*THE DATA*
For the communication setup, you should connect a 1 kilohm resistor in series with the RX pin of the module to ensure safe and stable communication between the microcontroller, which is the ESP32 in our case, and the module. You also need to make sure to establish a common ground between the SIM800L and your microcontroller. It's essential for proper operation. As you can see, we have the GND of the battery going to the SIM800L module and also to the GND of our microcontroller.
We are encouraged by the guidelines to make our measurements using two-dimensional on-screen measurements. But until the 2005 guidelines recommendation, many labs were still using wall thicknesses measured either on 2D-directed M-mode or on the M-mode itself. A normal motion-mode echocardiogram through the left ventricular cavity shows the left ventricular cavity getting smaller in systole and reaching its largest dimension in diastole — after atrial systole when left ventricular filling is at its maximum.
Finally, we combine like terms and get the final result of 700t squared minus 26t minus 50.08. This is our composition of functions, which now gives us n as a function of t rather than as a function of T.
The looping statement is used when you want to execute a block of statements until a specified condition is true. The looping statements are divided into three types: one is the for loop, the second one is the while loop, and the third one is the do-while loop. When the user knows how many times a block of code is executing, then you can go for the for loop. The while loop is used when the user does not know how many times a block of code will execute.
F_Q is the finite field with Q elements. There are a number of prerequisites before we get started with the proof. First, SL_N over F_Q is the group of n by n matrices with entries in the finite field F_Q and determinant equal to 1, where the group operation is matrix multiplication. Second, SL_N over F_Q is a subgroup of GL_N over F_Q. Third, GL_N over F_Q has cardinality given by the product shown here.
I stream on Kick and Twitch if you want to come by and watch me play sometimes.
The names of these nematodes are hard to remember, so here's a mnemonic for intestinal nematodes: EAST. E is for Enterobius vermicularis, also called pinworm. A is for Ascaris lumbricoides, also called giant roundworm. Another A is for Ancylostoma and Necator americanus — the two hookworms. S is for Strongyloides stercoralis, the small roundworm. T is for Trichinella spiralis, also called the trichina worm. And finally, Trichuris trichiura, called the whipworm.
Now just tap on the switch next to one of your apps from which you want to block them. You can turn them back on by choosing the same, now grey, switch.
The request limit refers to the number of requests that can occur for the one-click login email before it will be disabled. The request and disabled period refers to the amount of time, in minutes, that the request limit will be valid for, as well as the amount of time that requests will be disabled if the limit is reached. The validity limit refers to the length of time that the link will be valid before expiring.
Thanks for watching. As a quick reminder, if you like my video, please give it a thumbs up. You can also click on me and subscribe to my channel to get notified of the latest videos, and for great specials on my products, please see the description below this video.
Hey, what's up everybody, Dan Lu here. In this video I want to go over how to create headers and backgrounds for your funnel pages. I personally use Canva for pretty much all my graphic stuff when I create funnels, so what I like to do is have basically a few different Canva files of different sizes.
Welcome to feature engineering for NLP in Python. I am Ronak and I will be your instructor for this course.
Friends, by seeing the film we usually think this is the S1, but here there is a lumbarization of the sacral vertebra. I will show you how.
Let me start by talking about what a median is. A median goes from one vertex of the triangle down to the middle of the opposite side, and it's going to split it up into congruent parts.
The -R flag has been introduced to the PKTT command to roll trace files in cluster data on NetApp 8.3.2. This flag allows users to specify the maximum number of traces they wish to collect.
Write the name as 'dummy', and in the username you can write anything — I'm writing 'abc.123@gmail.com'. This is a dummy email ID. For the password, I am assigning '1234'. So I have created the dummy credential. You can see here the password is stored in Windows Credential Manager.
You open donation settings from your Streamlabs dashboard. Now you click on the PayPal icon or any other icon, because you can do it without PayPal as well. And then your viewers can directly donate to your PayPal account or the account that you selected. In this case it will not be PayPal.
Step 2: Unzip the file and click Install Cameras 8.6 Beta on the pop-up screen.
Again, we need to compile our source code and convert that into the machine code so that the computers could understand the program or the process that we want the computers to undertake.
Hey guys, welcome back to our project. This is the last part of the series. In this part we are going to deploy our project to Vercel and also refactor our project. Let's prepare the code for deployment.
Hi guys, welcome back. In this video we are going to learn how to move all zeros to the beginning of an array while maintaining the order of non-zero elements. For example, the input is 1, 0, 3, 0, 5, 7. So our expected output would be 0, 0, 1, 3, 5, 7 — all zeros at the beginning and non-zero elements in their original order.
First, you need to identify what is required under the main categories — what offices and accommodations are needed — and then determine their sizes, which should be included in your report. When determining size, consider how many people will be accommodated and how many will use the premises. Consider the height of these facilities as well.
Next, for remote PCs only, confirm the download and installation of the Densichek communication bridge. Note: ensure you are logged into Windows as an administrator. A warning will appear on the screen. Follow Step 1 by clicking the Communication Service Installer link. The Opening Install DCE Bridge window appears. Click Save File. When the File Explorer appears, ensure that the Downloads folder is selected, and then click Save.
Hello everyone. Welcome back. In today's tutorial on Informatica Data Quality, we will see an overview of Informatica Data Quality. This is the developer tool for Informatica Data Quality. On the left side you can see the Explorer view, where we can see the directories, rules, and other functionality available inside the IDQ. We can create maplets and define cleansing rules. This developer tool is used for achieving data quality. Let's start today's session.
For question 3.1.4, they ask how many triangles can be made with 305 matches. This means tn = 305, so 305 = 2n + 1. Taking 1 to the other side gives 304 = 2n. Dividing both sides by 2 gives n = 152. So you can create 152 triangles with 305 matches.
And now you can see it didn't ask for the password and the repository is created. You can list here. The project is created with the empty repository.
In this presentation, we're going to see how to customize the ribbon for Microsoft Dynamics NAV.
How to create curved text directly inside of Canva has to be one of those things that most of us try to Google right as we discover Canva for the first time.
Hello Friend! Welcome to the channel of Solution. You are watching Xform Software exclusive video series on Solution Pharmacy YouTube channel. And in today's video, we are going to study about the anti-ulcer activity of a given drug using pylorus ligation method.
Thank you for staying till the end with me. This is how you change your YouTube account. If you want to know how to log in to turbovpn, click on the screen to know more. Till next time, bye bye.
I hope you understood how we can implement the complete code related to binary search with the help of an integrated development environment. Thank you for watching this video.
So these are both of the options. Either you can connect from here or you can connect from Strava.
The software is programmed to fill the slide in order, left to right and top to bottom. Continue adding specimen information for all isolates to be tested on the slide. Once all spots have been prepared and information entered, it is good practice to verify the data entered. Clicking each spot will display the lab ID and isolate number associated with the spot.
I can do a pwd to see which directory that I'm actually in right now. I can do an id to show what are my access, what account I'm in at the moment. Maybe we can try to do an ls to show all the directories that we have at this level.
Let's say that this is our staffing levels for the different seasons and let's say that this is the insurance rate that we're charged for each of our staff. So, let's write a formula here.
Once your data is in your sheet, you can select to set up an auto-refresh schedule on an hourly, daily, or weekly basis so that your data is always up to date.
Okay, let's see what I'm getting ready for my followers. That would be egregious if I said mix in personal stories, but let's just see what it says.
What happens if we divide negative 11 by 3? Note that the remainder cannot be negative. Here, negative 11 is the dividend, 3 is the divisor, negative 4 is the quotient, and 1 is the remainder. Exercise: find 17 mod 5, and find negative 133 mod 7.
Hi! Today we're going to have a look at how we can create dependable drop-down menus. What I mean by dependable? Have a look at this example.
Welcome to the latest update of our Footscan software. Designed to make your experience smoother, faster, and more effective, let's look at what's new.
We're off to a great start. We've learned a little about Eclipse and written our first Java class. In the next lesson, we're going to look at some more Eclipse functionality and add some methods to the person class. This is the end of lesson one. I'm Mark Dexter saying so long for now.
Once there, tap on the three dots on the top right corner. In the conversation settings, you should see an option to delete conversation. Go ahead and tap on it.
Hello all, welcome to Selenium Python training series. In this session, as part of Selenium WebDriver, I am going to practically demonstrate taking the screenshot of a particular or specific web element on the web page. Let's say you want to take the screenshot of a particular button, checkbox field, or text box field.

*TASK TO COMPLETE*
Each record above needs to be given again exactly as written.

*RESPONSE TO THIS TASK*
For the communication setup, you should connect a 1 kilohm resistor in series with the RX pin of the module to ensure safe and stable communication between the microcontroller, which is the ESP32 in our case, and the module. You also need to make sure to establish a common ground between the SIM800L and your microcontroller. It's essential for proper operation. As you can see, we have the GND of the battery going to the SIM800L module and also to the GND of our microcontroller.
We are encouraged by the guidelines to make our measurements using two-dimensional on-screen measurements. But until the 2005 guidelines recommendation, many labs were still using wall thicknesses measured either on 2D-directed M-mode or on the M-mode itself. A normal motion-mode echocardiogram through the left ventricular cavity shows the left ventricular cavity getting smaller in systole and reaching its largest dimension in diastole — after atrial systole when left ventricular filling is at its maximum.
Finally, we combine like terms and get the final result of 700t squared minus 26t minus 50.08. This is our composition of functions, which now gives us n as a function of t rather than as a function of T.
The looping statement is used when you want to execute a block of statements until a specified condition is true. The looping statements are divided into three types: one is the for loop, the second one is the while loop, and the third one is the do-while loop. When the user knows how many times a block of code is executing, then you can go for the for loop. The while loop is used when the user does not know how many times a block of code will execute.
F_Q is the finite field with Q elements. There are a number of prerequisites before we get started with the proof. First, SL_N over F_Q is the group of n by n matrices with entries in the finite field F_Q and determinant equal to 1, where the group operation is matrix multiplication. Second, SL_N over F_Q is a subgroup of GL_N over F_Q. Third, GL_N over F_Q has cardinality given by the product shown here.
I stream on Kick and Twitch if you want to come by and watch me play sometimes.
The names of these nematodes are hard to remember, so here's a mnemonic for intestinal nematodes: EAST. E is for Enterobius vermicularis, also called pinworm. A is for Ascaris lumbricoides, also called giant roundworm. Another A is for Ancylostoma and Necator americanus — the two hookworms. S is for Strongyloides stercoralis, the small roundworm. T is for Trichinella spiralis, also called the trichina worm. And finally, Trichuris trichiura, called the whipworm.
Now just tap on the switch next to one of your apps from which you want to block them. You can turn them back on by choosing the same, now grey, switch.
The request limit refers to the number of requests that can occur for the one-click login email before it will be disabled. The request and disabled period refers to the amount of time, in minutes, that the request limit will be valid for, as well as the amount of time that requests will be disabled if the limit is reached. The validity limit refers to the length of time that the link will be valid before expiring.
Thanks for watching. As a quick reminder, if you like my video, please give it a thumbs up. You can also click on me and subscribe to my channel to get notified of the latest videos, and for great specials on my products, please see the description below this video.
Hey, what's up everybody, Dan Lu here. In this video I want to go over how to create headers and backgrounds for your funnel pages. I personally use Canva for pretty much all my graphic stuff when I create funnels, so what I like to do is have basically a few different Canva files of different sizes.
Welcome to feature engineering for NLP in Python. I am Ronak and I will be your instructor for this course.
Friends, by seeing the film we usually think this is the S1, but here there is a lumbarization of the sacral vertebra. I will show you how.
Let me start by talking about what a median is. A median goes from one vertex of the triangle down to the middle of the opposite side, and it's going to split it up into congruent parts.
The -R flag has been introduced to the PKTT command to roll trace files in cluster data on NetApp 8.3.2. This flag allows users to specify the maximum number of traces they wish to collect.
Write the name as 'dummy', and in the username you can write anything — I'm writing 'abc.123@gmail.com'. This is a dummy email ID. For the password, I am assigning '1234'. So I have created the dummy credential. You can see here the password is stored in Windows Credential Manager.
You open donation settings from your Streamlabs dashboard. Now you click on the PayPal icon or any other icon, because you can do it without PayPal as well. And then your viewers can directly donate to your PayPal account or the account that you selected. In this case it will not be PayPal.
Step 2: Unzip the file and click Install Cameras 8.6 Beta on the pop-up screen.
Again, we need to compile our source code and convert that into the machine code so that the computers could understand the program or the process that we want the computers to undertake.
Hey guys, welcome back to our project. This is the last part of the series. In this part we are going to deploy our project to Vercel and also refactor our project. Let's prepare the code for deployment.
Hi guys, welcome back. In this video we are going to learn how to move all zeros to the beginning of an array while maintaining the order of non-zero elements. For example, the input is 1, 0, 3, 0, 5, 7. So our expected output would be 0, 0, 1, 3, 5, 7 — all zeros at the beginning and non-zero elements in their original order.
First, you need to identify what is required under the main categories — what offices and accommodations are needed — and then determine their sizes, which should be included in your report. When determining size, consider how many people will be accommodated and how many will use the premises. Consider the height of these facilities as well.
Next, for remote PCs only, confirm the download and installation of the Densichek communication bridge. Note: ensure you are logged into Windows as an administrator. A warning will appear on the screen. Follow Step 1 by clicking the Communication Service Installer link. The Opening Install DCE Bridge window appears. Click Save File. When the File Explorer appears, ensure that the Downloads folder is selected, and then click Save.
Hello everyone. Welcome back. In today's tutorial on Informatica Data Quality, we will see an overview of Informatica Data Quality. This is the developer tool for Informatica Data Quality. On the left side you can see the Explorer view, where we can see the directories, rules, and other functionality available inside the IDQ. We can create maplets and define cleansing rules. This developer tool is used for achieving data quality. Let's start today's session.
For question 3.1.4, they ask how many triangles can be made with 305 matches. This means tn = 305, so 305 = 2n + 1. Taking 1 to the other side gives 304 = 2n. Dividing both sides by 2 gives n = 152. So you can create 152 triangles with 305 matches.
And now you can see it didn't ask for the password and the repository is created. You can list here. The project is created with the empty repository.
In this presentation, we're going to see how to customize the ribbon for Microsoft Dynamics NAV.
How to create curved text directly inside of Canva has to be one of those things that most of us try to Google right as we discover Canva for the first time.
Hello Friend! Welcome to the channel of Solution. You are watching Xform Software exclusive video series on Solution Pharmacy YouTube channel. And in today's video, we are going to study about the anti-ulcer activity of a given drug using pylorus ligation method.
Thank you for staying till the end with me. This is how you change your YouTube account. If you want to know how to log in to turbovpn, click on the screen to know more. Till next time, bye bye.
I hope you understood how we can implement the complete code related to binary search with the help of an integrated development environment. Thank you for watching this video.
So these are both of the options. Either you can connect from here or you can connect from Strava.
The software is programmed to fill the slide in order, left to right and top to bottom. Continue adding specimen information for all isolates to be tested on the slide. Once all spots have been prepared and information entered, it is good practice to verify the data entered. Clicking each spot will display the lab ID and isolate number associated with the spot.
I can do a pwd to see which directory that I'm actually in right now. I can do an id to show what are my access, what account I'm in at the moment. Maybe we can try to do an ls to show all the directories that we have at this level.
Let's say that this is our staffing levels for the different seasons and let's say that this is the insurance rate that we're charged for each of our staff. So, let's write a formula here.
Once your data is in your sheet, you can select to set up an auto-refresh schedule on an hourly, daily, or weekly basis so that your data is always up to date.
Okay, let's see what I'm getting ready for my followers. That would be egregious if I said mix in personal stories, but let's just see what it says.
What happens if we divide negative 11 by 3? Note that the remainder cannot be negative. Here, negative 11 is the dividend, 3 is the divisor, negative 4 is the quotient, and 1 is the remainder. Exercise: find 17 mod 5, and find negative 133 mod 7.
Hi! Today we're going to have a look at how we can create dependable drop-down menus. What I mean by dependable? Have a look at this example.
Welcome to the latest update of our Footscan software. Designed to make your experience smoother, faster, and more effective, let's look at what's new.
We're off to a great start. We've learned a little about Eclipse and written our first Java class. In the next lesson, we're going to look at some more Eclipse functionality and add some methods to the person class. This is the end of lesson one. I'm Mark Dexter saying so long for now.
Once there, tap on the three dots on the top right corner. In the conversation settings, you should see an option to delete conversation. Go ahead and tap on it.
Hello all, welcome to Selenium Python training series. In this session, as part of Selenium WebDriver, I am going to practically demonstrate taking the screenshot of a particular or specific web element on the web page. Let's say you want to take the screenshot of a particular button, checkbox field, or text box field.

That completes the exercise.